As the weekend went by, I began to wonder what I would do if the car were in fact, not recovered. My conclusion: no biggie. I'd been driving that car for two and a half years. My wife and I are thinking about buying a bed-and-breakfast in Washington state, and I had mentioned that a small pickup might be a good thing to have. Should the car not be found, I could use the insurance to make a down payment on such a pickup.

On Sunday morning, shortly before eight O'clock, I got a phone call from the police department. They had found my car. It was about three miles from the curbside where it had been taken, abandoned in the parking lot of the South County Public Library on Orange Avenue in Chula Vista.

I was given 15 minutes to get over there and pick it up, or they'd have it towed to a garage. I threw a jacket over my sleeping sweat togs, pulled on the old Adidas, told my wife to do the same, and we got into her Chrysler and fire-chased across town (getting lost on the way, and I've lived in this city much of my life) to the library. The irony of my car's having been stolen in front of a church and abandoned at the library wasn't lost on me. This thief, whoever he was, had a liking for sedate places. Who knows? Maybe he went in and checked out the latest Stephen King before leaving my car there.

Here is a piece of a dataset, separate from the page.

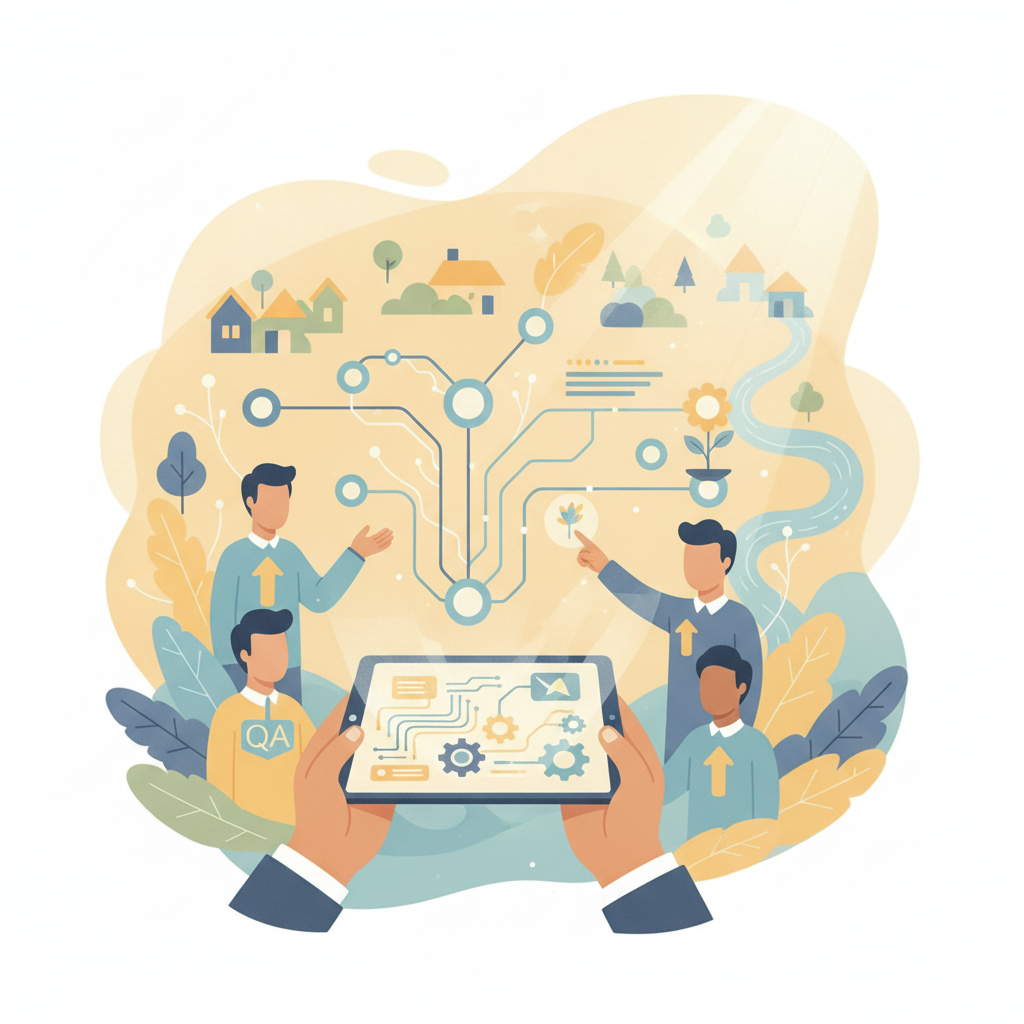 VolunteerBadge QA - automated tests (do not modify)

The cop was waiting for us. He had opened both doors of the car. I glanced into the car as we pulled up: the radio and tape deck were untouched. And Stephen King notwithstanding, the thief was obviously not a fan of Night And The City: he hadn't even bothered stealing the videotape. Well, if he was under 25, which is likely, chances are he wouldn't bother with VHS--it's Sooo last year. (Year BEFORE last, actually.)

He had even cleaned the trash out of the back seat, which gave me an uneasy moment, actually: Valerie the police volunteer had asked me if there were anything in the car with identifying information on it, such as my social security number. I wasn't sure. I had tossed some opened envelopes and other detritus into the back seat, intending to clean it out later. Now the car thief had done it for me. Here's hoping identity theft isn't next on my calendar of surprises for this year.

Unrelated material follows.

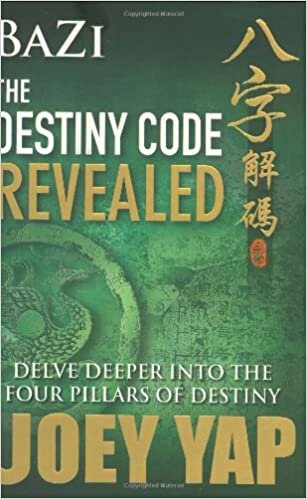 Bazi the Destiny Code Revealed: Delve Deeper into the Four Pillars of Destiny indir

It felt good to slide back into the old driver's seat again, I'll admit. The thief was obviously a little squirt: I had to readjust not only the seat, but the steering wheel, back to my height. I looked around. No sign of vandalism; in fact it looked like the vinyl around the stereo had been buffed up nice and shiny, (from his carefully wiping away his fingerprints) although the dashboard was still covered with dust.

In fact, the closest thing to vandalism I found when my car was recovered was something I discovered only when I started up the engine and prepared to pull out of the parking lot and drive it back home.

The radio began blasting out Dr. Dre or some such rubbish. Tidy or not, the little pustule-head had tuned MY car radio to a hip-hop station! Outrageous! I quickly reached over and punched it back to its customary spot, XLNC-1, which at that moment was offering Beethoven's Appassionata as played by Alfred Brendel.

Then it was home to get the Los Angeles Times out of the driveway and read about all those other people out there who had had similar, if not worse, indignities visited upon them during this sunny California weekend.

Okay, so I found out that I'm not exactly in love with my car. I was glad enough to have it back. With the vinyl around the stereo polished, I'll have to dust off the dashboard. Oh, what the hell? It's overdue for a wash.